La Corte, si legge nella sentenza, “constata che, nell’ambito della direttiva relativa all’esercizio della libertà di circolazione, la nozione di ‘coniuge’, che designa una persona unita ad un’altra da vincolo matrimoniale, è neutra dal punto di vista del genere e può comprendere quindi il coniuge dello stesso sesso di un cittadino dell’Unione”.
Rifacendosi anche alla Carta dei Diritti fondamentali dell’Unione europea, i giudici hanno deciso che “una misura nazionale idonea ad ostacolare l’esercizio della libera circolazione delle persone può essere giustificata solo se è conforme ai diritti fondamentali sanciti dalla Carta dei diritti fondamentali dell’Unione europea”.
E, secondo l’articolo 7 della Carta, la relazione che lega una coppia omosessuale può rientrare nella nozione di “vita privata”, e di “vita familiare”, come la relazione che lega una coppia di sesso opposto che si trovi nella stessa situazione, e va, quindi, tutelata.
“Ora possiamo guardare negli occhi di qualsiasi funzionario pubblico in Romania e in tutta l’Ue con la certezza che il nostro rapporto sia ugualmente valido e ugualmente rilevante ai fini della libera circolazione all’interno dell’Ue”, ha commentato Adrian Coman questa mattina.
“Siamo grati alla Corte Ue e alle molte persone e istituzioni che hanno sostenuto noi, e, attraverso di noi, altre coppie dello stesso sesso in una situazione simile: è la dignità umana che vince oggi” ha aggiunto il cittadino rumeno.
Grande soddisfazione è stata espressa anche da diverse Ong e associazioni che si battono per i diritti omosessuali, per la portata della sentenza e le ripercussioni che essa avrà.
“L’uguaglianza, l’equità e il pragmatismo erano al centro del verdetto odierno del Lussemburgo” ha dichiarato Evelyne Paradis, direttore esecutivo di ILGA-Europe, quando la decisione è stata annunciata.
La Corte di Giustizia, ha spiegato Paradis, “ha confermato che le famiglie arcobaleno dovrebbero essere riconosciute allo stesso modo agli occhi della legge sulla libertà di circolazione.
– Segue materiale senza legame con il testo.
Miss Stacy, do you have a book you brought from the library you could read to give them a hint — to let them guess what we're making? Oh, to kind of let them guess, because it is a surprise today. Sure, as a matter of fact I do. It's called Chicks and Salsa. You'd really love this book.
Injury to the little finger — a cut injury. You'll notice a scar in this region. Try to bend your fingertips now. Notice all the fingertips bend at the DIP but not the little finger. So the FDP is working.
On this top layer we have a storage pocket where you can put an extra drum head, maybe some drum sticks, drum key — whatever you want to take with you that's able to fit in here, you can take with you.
Ora vogliamo vedere le autorità rumene muoversi rapidamente per rendere questa sentenza una realtà”.
La sentenza, ha commentato Arpi Avetisyan, dell’Ilga-Europe Litigation Officer, che ha seguito da vicino il caso, “aumenterà la protezione legale e la certezza per le coppie dello stesso sesso – qualcosa che non dovrebbe essere sottovalutato”.
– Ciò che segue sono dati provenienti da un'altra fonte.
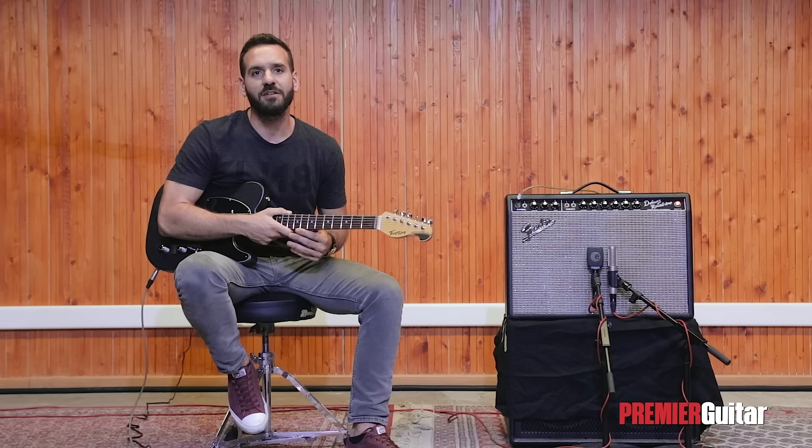That's all for now. Thank you very much for sticking with me through this video. Please subscribe to Premiere Guitar so that I can see you at the next one.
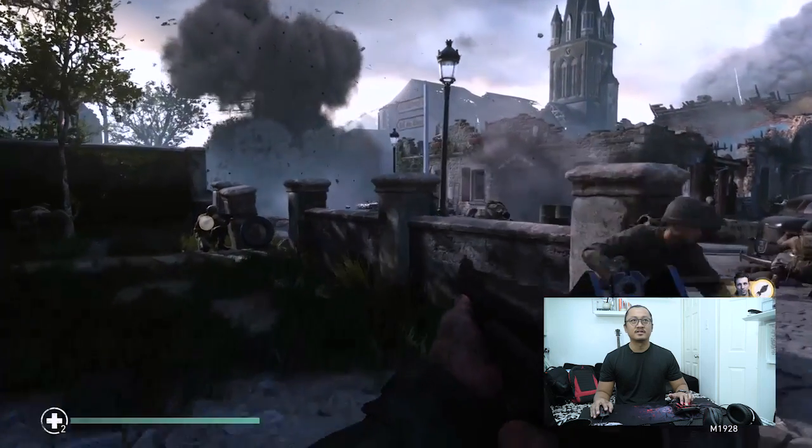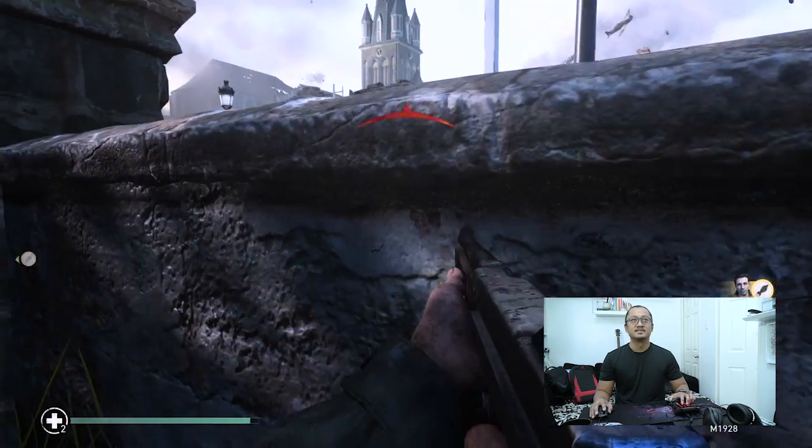We had to ditch the multiplayer online game because we've been waiting in the lobby and nobody was logging on here in Asia, in the Philippines. So we decided to try it out on campaign mode instead. We need to get to that church, hiding behind cover.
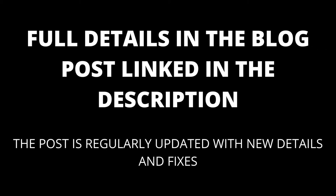Full details in the blog post linked in the description. The blog post will be kept up to date with any new details that appear.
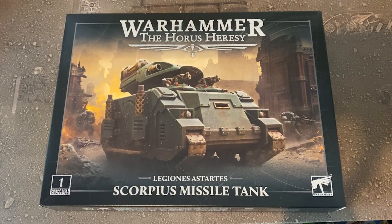Hello and welcome to another Sprues and Brews unboxing video. In today's video we're going to be checking out a new tank for the Horus Heresy — it is of course the Scorpius Missile Tank. For those not into the Horus Heresy, this is basically your equivalent of 40K's Whirlwind, so you've got the Rhino chassis with some tasty missiles on top.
“Questa chiarezza sarà avvertita non solo dalle coppie in Romania, ma in tutta l’Ue, mettendo in evidenza il potere delle controversie strategiche e la duratura rilevanza dell’UE e delle sue leggi nella vita delle persone”.
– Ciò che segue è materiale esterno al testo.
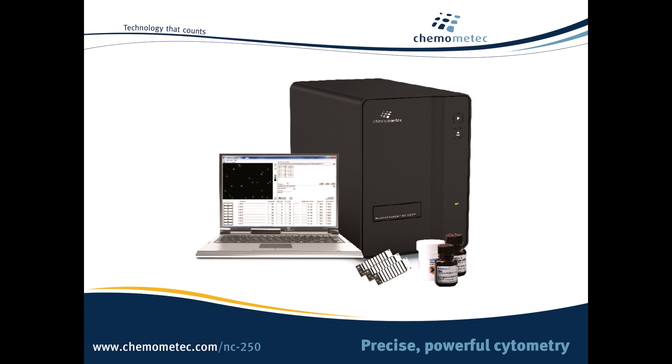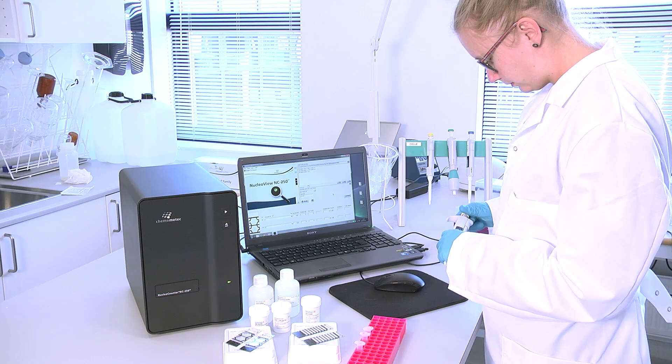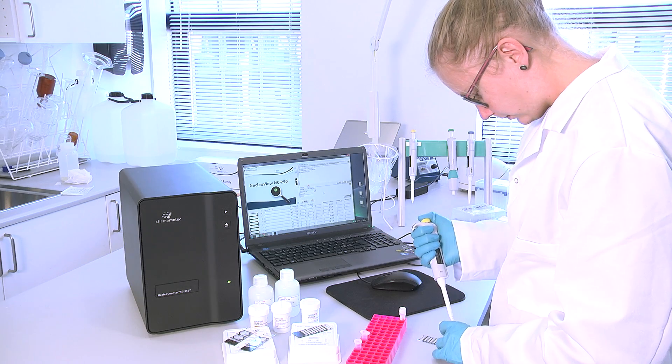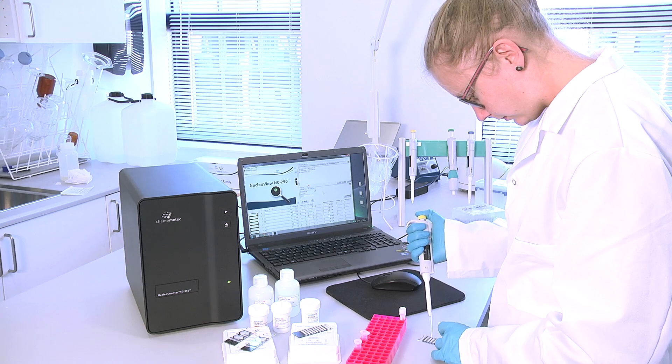The Nuclear Counter NC250 offers powerful, precise cell counting and more. You can perform up to 8 precision cell counts in less than 3 minutes.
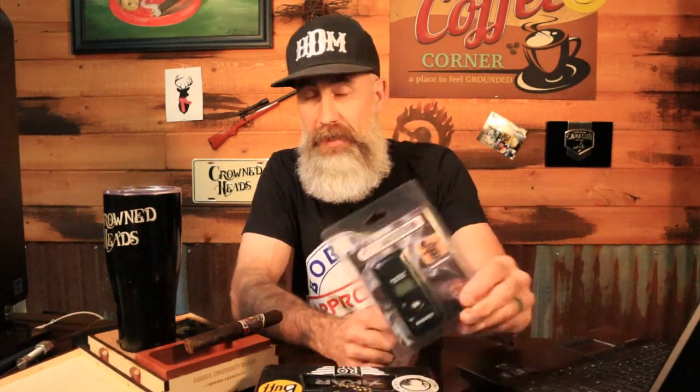Hey guys, it's Vic with High Desert Man and we're doing another cigar review. We're checking out a very cool product you've already seen on Kevin's channel. Now I have one — it's the Cigar Medics Humidimeter. We're going to talk about it in just a second, hit the intro.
Romanita Iorda che è la vicepresidente dell’associazione Accept per i diritti degli omosessuali e membro del team legale, ha dichiarato: “Oggi Adrian, Clai e Accept hanno vinto una grande vittoria per le coppie dello stesso sesso in tutta Europa. Da questo momento in poi, tutte le norme dell’UE che si applicano ai coniugi” verranno applicati “nello stesso modo a tutte le famiglie dello stesso sesso”.
“Le autorità rumene – ha aggiunto Iorda – hanno ora l’obbligo di rispettare la decisione della CGUE e garantiscono diritti di residenza e un riconoscimento minimo per tutte le famiglie dello stesso sesso in una situazione simile”.
L’omosessualità è stata depenalizzata in Romania nel 2000, ma, secondo gli attivisti Lgbti, l’avversione contro le coppie dello stesso sesso rimane elevata.
Nella sentenza, i giudici ricordano ad ogni modo la decisione non incide sulla competenza degli stati a decidere sulle norme relative al matrimonio – e allo stato civile delle persone – e che, quindi, gli Stati rimangono comunque liberi di prevedere o meno il matrimonio omosessuale.
“L’obbligo per uno Stato membro di riconoscere, ai soli fini della concessione di un diritto di soggiorno derivato a un cittadino di uno Stato non-Ue, un matrimonio omosessuale contratto in un altro Stato membro” non “impone a detto Stato membro di prevedere, nella sua normativa nazionale, l’istituto del matrimonio omosessuale”, ha decretato la corte.